Gegen das, was jetzt passiert, war die Stasi eine Lachnummer, oder?
Caspar: Die Technik macht es möglich. Der gravierende Unterschied ist, dass wir heute in einer demokratischen und nicht in einer totalitären Gesellschaft leben. Wenn totalitäre Regierungen Zugriff auf solche Daten hätten, wäre das eine Katastrophe. Davor muss man Angst haben.
Wer sagt uns denn, dass Russland oder China nicht dieselben Techniken anwenden?
Caspar: Das sagt uns niemand. Aber bei uns gelten rechtsstaatlich-demokratische Prinzipien. Hier werden die Dinge nicht gegen die Bürger verwendet. Wenn bei der Abwägung zwischen Freiheit und Sicherheit die Freiheit vernachlässigt wird, widerspricht dies unserem Verständnis der Geltung von Grundrechten, auch ohne dass es zu einer missbräuchlichen Verwendung der Daten kommen muss.
Führen die neuen Möglichkeiten nicht auch zu massiver Industriespionage? Wer schließt aus, dass es im Interesse der USA, also auch der NSA liegt, etwa für Boeing geheime Daten von Airbus zu beschaffen?
Caspar: Das können wir nicht ausschließen. Deutsche Firmen sollten deutlich mehr im Bereich Datensicherheit tun. Und sie sollten ihre Zusammenarbeit mit Geheimdiensten transparenter gestalten.

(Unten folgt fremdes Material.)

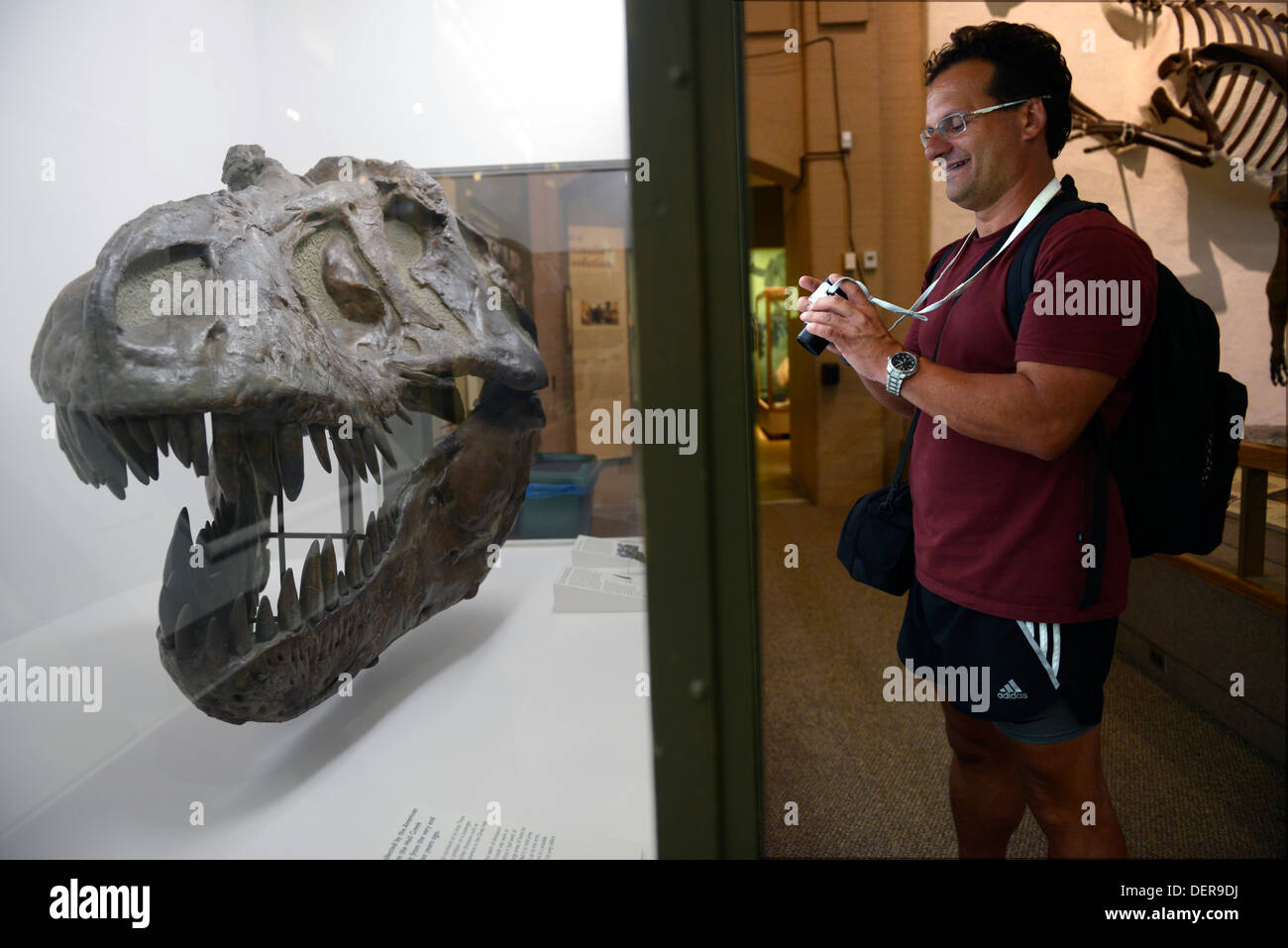 Visitor photographs Tyrannosaurus rex skull at Yale Peabody museum. Stock Photo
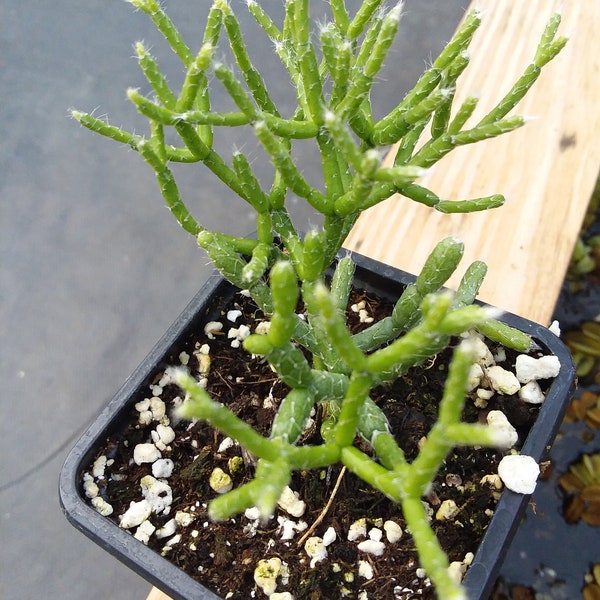 Rhipsalis ‘Mistletoe cactus’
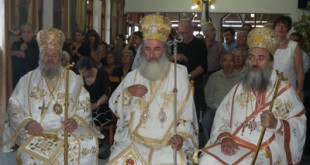 nivritos_11 (2)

Man kann die Debatte natürlich auch anders herum führen: Warum regen sich eigentlich die Deutschen wieder am meisten über Prism und Co auf – wo angeblich zahlreiche Terroranschläge damit verhindert wurden? Sind wir mal wieder hysterisch?

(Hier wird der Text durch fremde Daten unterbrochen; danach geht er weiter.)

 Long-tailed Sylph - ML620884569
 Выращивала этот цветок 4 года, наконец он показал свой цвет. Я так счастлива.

Caspar: Nein, das glaube ich nicht. Das, was gerade passiert, ist eine Entwicklung zu einem digitalen Untertanen. Die anlasslose massenhafte Ausspähung unserer Kommunikation darf nicht zur Normalität unseres Lebens werden. Dass wir Deutschen da früher und sensibler reagieren als andere, liegt sicher an der historischen Erfahrung zweier Unrechtsregime, die wir im 20. Jahrhundert hatten. Was die Verhinderung von Anschlägen angeht, gilt auch hier: Der Erfolg heiligt nicht die Mittel. Wir müssen ein verhältnismäßiges Verfahren finden, unsere Sicherheit zu gewährleisten. Die absolute Überwachung durch exzessiven Einsatz digitaler Technologien ist ganz sicher nicht der richtige Weg.
Im Ausland schüttelt trotzdem mancher den Kopf: Die Deutschen gehen nackt mit Fremden in die Sauna, heißt es, aber werden sauer, wenn einer ihr Haus von außen fotografiert.
Caspar: Das mag komisch klingen. Aber ein Saunabesuch wird ja nicht digitalisiert. Eine Hausfassade bei Google Streetview dagegen schon. Und sie ist weltweit einsehbar. Die Sauna und ihre Besucher nicht. Unabhängig von nationalen Eigenheiten: Angesichts der neuen Überwachungsdimension ist Datenschutz heute so wichtig wie nie zuvor. Ich denke, dass es auch in den USA und anderen Ländern noch zu massiven Diskussionen kommen wird.
Was müssen die Schulen angesichts der neuen Entwicklung leisten?
Caspar: Schulen sollten einen Pflichtunterricht Medienkompetenz mit dem Thema Datenschutz einführen. Es geht hier um Grundkompetenzen. Und sie sollten vorsichtig bei der Facebook-Nutzung sein. Die Organisation etwa interner Kommunikation über Facebook stellt eine unzulässige Übermittlung von Daten dar.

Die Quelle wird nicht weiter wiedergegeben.